Don Martín de Alzaga era nieto de aquel otro Martín que cayó en una de las tantas conspiraciones que jalonan nuestra historia. El mismo sufrió en carne propia la persecución rosista, se exilió en Montevideo y luego de Caseros volvió al país, para incrementar considerablemente sus bienes con el transporte de hacienda con Brasil. Así es como llegó a poseer extensas estancias en la provincia de Buenos Aires. Sólo faltaba para completar su buena estrella una hermosa mujer con quien pudiese perpetuar el apellido.

Felicitas Guerrero era una deslumbrante joven de 19 años cuando el sesentón Don Martín solicitó respetuosamente su mano. El casamiento fue en 1862. Nada dicen las crónicas de los sentimientos de la novia. Lo cierto es que al año nació un niño rubio, resplandeciente como un sol, que colmó de dicha la vida del matrimonio. Todo parecía perfecto. La vida transcurría, plácida, entre la residencia de la ciudad y la estancia La Postrera, a orillas del Salado, donde Don Martín había hecho construir una mansión rodeada de bosques de tala y bucólicos paisajes poblados de la fauna autóctona.

Felicidad quebrada


Pero toda esta felicidad se quebró totalmente con la muerte del pequeño Félix a los 6 años de vida. Su padre, herido por un dolor demasiado profundo, falleció al año siguiente.

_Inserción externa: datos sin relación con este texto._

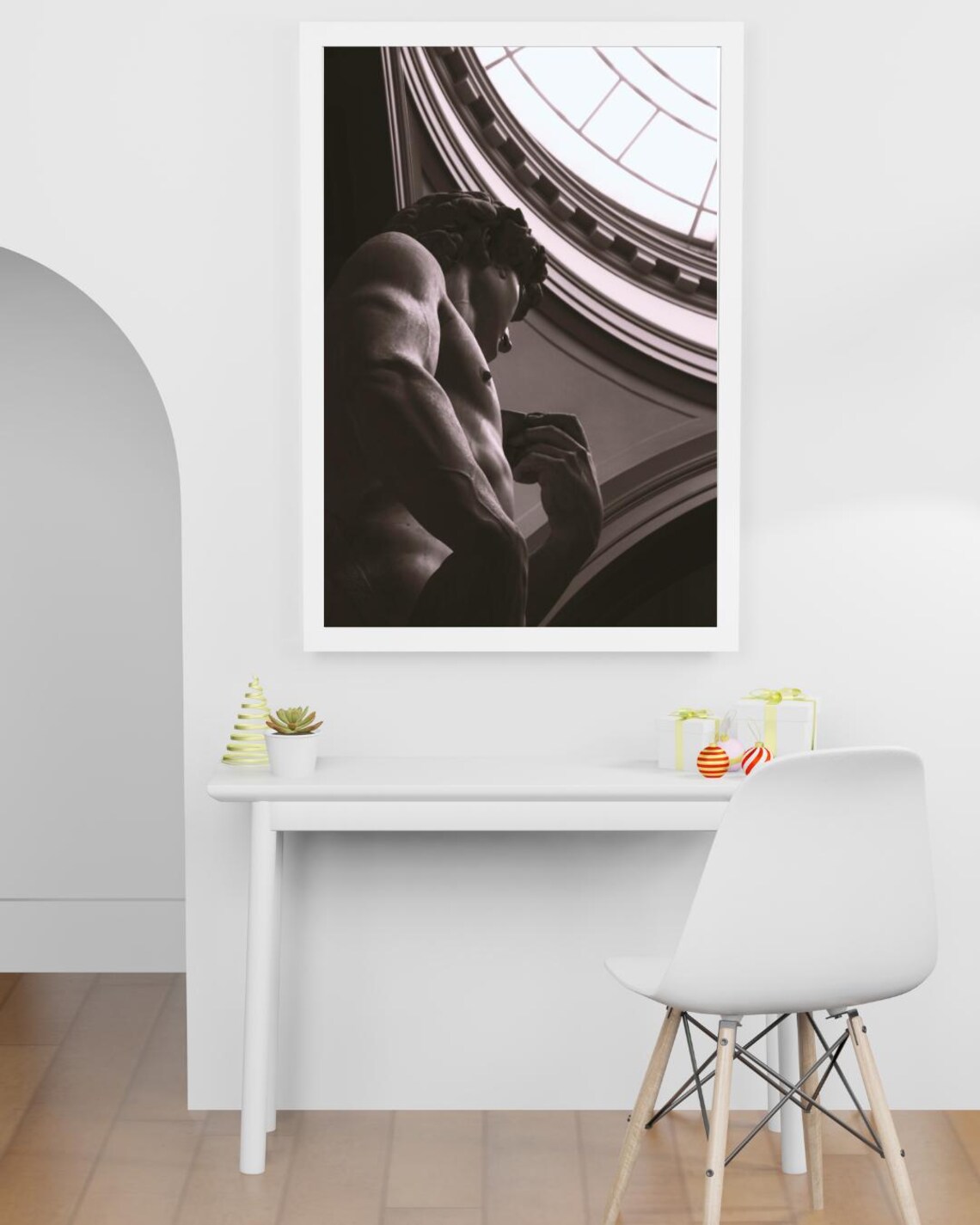 David Statue Sepia Tones, Minimalist Art Print - Image 2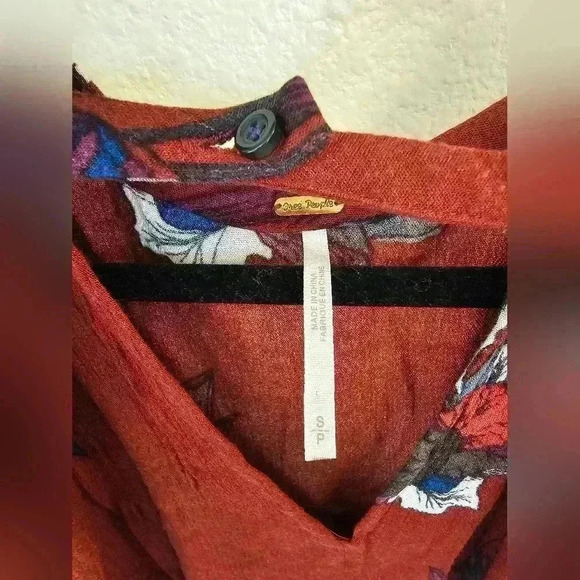 Free People Womens Size S Electric Orchid Print Swing Tunic Dress Boho Flowers - Picture 9 of 14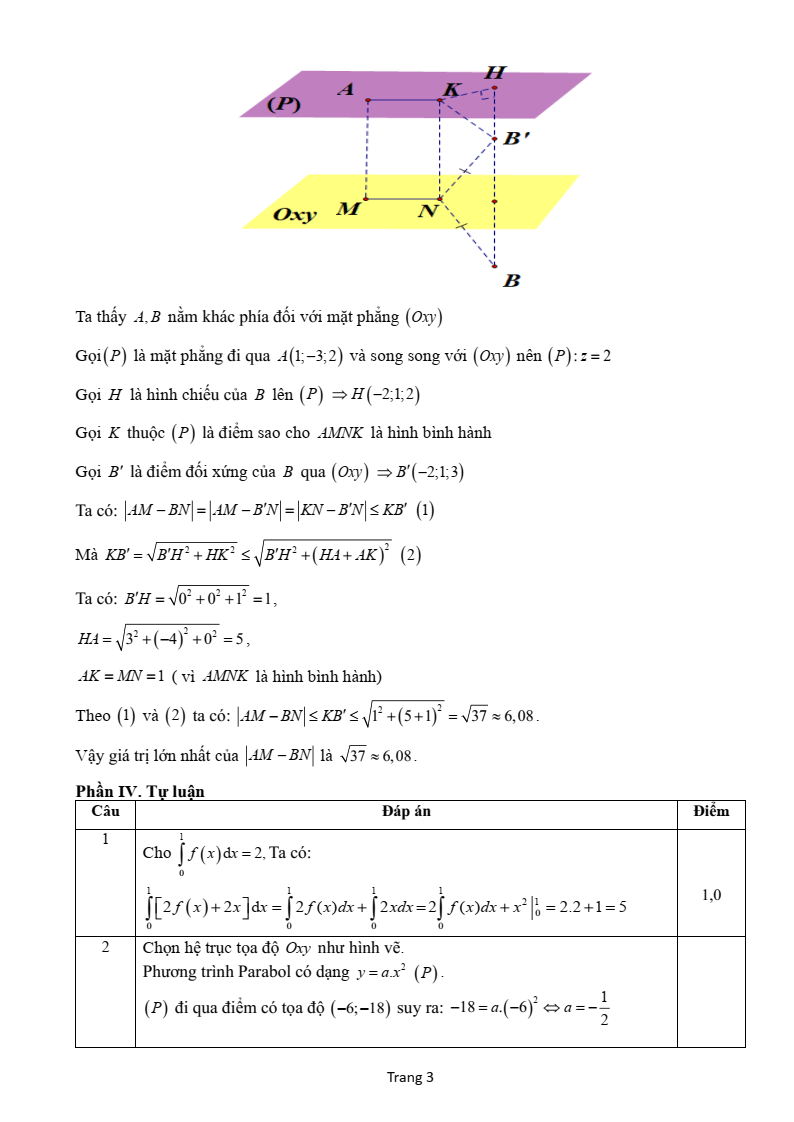 Đề thi Giữa kì 2 Toán 12 trường THPT Sầm Sơn (Thanh Hóa) năm 2024-2025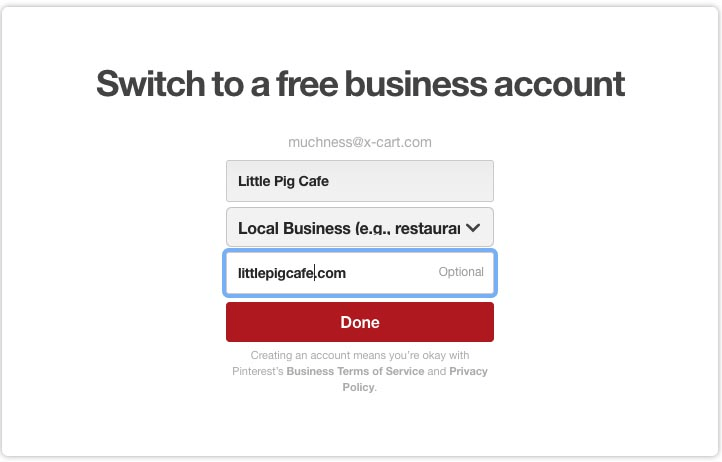 Switch to Pinterest business account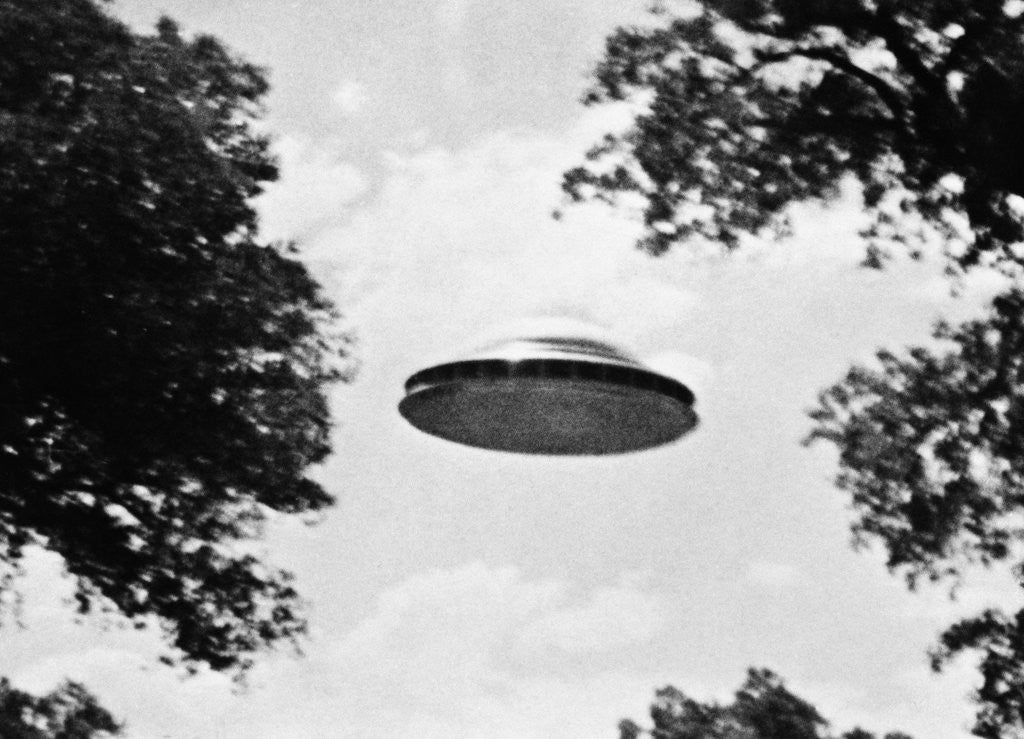 Detail of UFO Flying Low Over Trees by Anonymous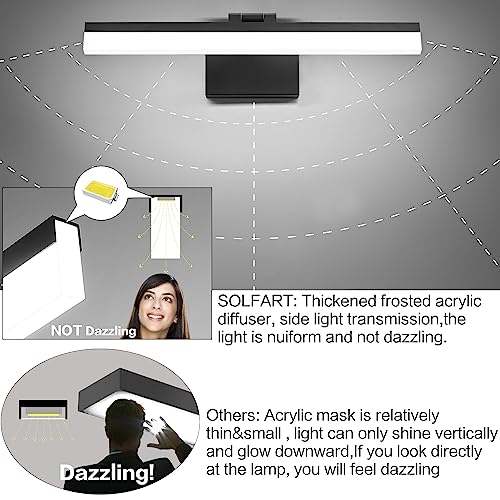 Image of SOLFART 18 Inch Vanity Lights for Bath Dimmable Bathroom Lights Over Mirror Black Bathroom Light Fixtures Wall Light Fixtures Indoor Modern Light Fixture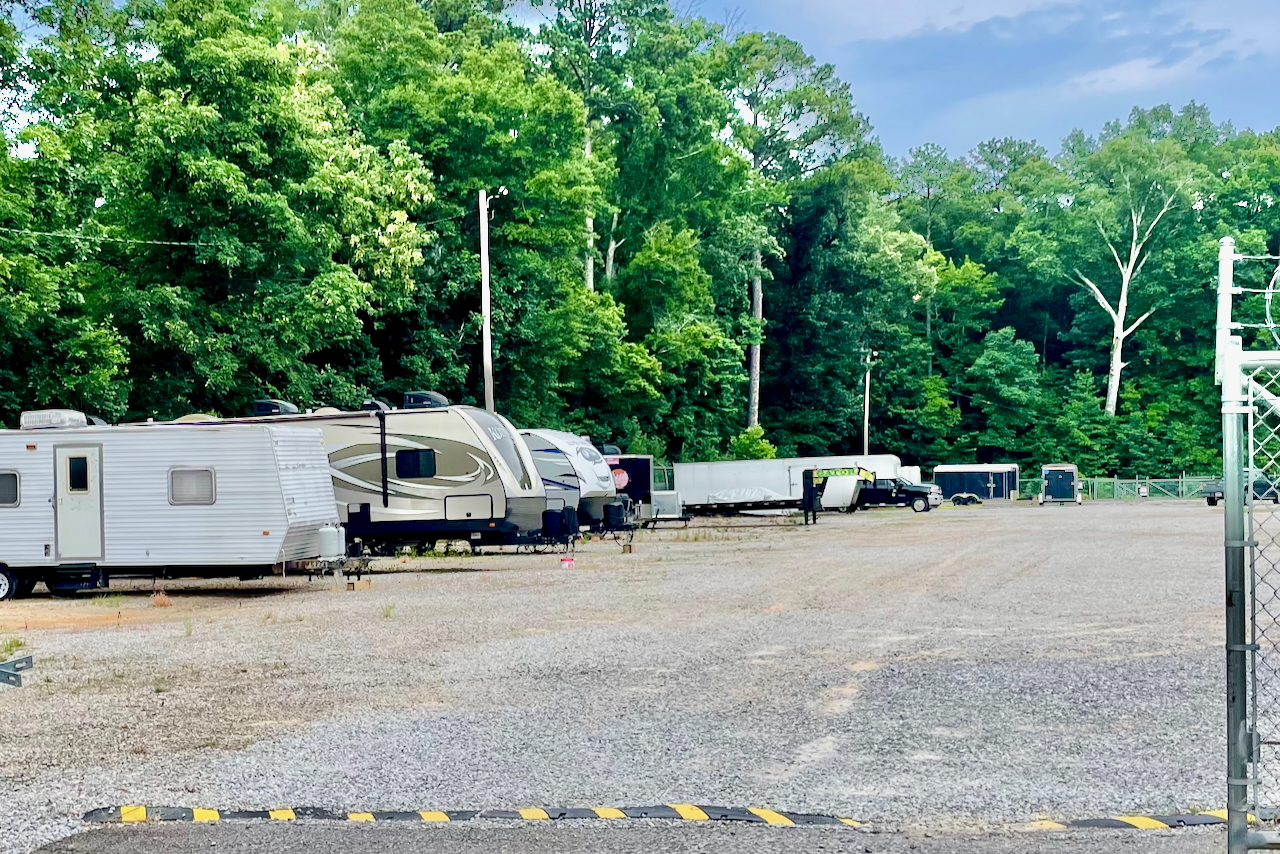 Uncovered RV and boat storage at Storage Depot, Bessemer with free lock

Felicitas Guerrero de Alzaga se convirtió en la viuda más rica de Buenos Aires. Su fortuna era considerable, pero también su belleza. Guardó luto por un año, y con sus jóvenes y ansiosos 27 años comenzó a recibir con gusto, pero sin prisa, el cortejo de todos los pretendientes que revoloteaban acicateados por su hermosura pero también por su sólida posición económica.

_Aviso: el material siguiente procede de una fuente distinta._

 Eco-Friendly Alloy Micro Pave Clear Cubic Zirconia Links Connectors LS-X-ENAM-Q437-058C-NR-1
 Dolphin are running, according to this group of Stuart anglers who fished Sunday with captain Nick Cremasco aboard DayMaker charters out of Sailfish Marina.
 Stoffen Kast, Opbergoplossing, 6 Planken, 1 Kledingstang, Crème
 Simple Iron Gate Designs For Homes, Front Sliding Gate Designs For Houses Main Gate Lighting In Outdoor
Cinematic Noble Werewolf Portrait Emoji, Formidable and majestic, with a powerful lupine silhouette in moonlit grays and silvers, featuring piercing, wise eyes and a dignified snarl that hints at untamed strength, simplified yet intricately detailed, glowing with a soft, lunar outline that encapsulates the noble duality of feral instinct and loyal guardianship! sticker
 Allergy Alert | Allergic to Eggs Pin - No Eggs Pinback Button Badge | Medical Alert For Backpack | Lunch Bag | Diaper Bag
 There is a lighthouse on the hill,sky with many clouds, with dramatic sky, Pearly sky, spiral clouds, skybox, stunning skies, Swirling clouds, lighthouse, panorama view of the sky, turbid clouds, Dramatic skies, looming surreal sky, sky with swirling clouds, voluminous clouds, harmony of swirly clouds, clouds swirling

En los corrillos sociales se murmuraba que había un preferido con el cual seguramente la viuda de Alzaga contraería enlace: Enrique Ocampo, miembro de una antigua y considerada familia.

Pero de la noche a la mañana, Felicitas dejó de lado a Ocampo para dedicar sus sonrisas a otro joven no menos apuesto y dueño de uno de los apellidos ilustres de la ciudad: Samuel Sáenz Valiente. Al parecer se habían conocido en un viaje que la joven viuda y estanciera hizo a La Postrera. El joven Sáenz Valiente no había dudado en tender su claro poncho sobre el barro para que no se ensuciase el delicado pie de la dama al descender de la diligencia. Las visitas a La Postrera se hicieron muy frecuentes y el amor no tardó en enlazar los dos corazones.

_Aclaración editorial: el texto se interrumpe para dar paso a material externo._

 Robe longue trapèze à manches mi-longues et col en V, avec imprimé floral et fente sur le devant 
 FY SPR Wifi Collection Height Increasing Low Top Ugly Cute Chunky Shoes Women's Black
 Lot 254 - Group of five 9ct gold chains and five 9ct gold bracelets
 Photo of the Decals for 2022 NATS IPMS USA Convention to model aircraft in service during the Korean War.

En tanto Enrique Ocampo ensombreció su vida y su alma. Dejó de concurrir a los lugares habituales y las calles de Buenos Aires lo vieron transitar con semblante hosco. En un encuentro con Carlos Guerrero llegó a asegurarle que no permitiría que Felicitas fuese de otro, que antes la mataría. Tremendas palabras que jamás fueron tenidas en cuenta.

Los días pasaban y todo Buenos Aires hablaba de los preparativos para la boda, que sería fastuosa, de los espléndidos regalos, del vestido de novia encargado a París. Felicitas estaba feliz.

Y llegamos a la noche del 29 de enero de 1872. Dicen las crónicas de la época que resplandecía de luces la mansión Guerrero-Alzaga situada, en Montes de Oca y Pinzón. La dueña de casa se había trasladado a la ciudad para hacer compras de último momento destinadas a los festejos en la estancia. Los parientes, en la casa, eran los encargados de recibir a las visitas. Allí estaban Don Bernabé Demaría y su esposa, su hijo Cristián, Albina Casares, amiga íntima y algunos hermanos de la novia.

Mal presagio


De pronto un carruaje se detiene ante la puerta. De él desciende Ocampo, que insiste en ver a la dueña de casa. Al saber que no está se queda a esperarla.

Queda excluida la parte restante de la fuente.